Excerpted data
%%
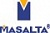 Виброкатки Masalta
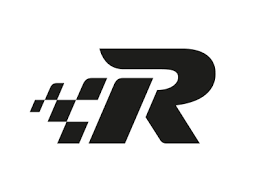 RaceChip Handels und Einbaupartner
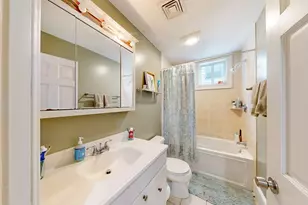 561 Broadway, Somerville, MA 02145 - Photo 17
%%
%%
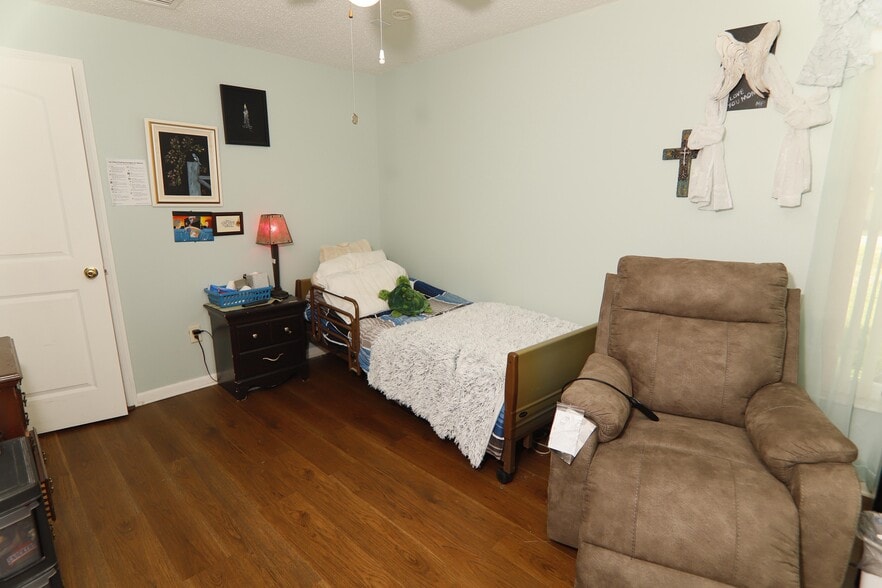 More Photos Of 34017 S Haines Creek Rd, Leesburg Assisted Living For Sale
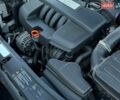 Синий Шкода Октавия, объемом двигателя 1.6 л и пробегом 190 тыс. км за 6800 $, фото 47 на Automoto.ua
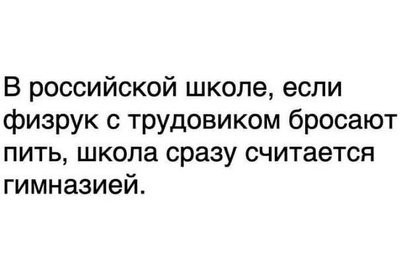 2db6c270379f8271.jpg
%%
Problem details
From the records above, copy only the lines running from the line holding "Виброкатки Masalta" through the line holding "561 Broadway, Somerville, MA", with no pictures.

Your solution
 Виброкатки Masalta
 RaceChip Handels und Einbaupartner
 561 Broadway, Somerville, MA 02145 - Photo 17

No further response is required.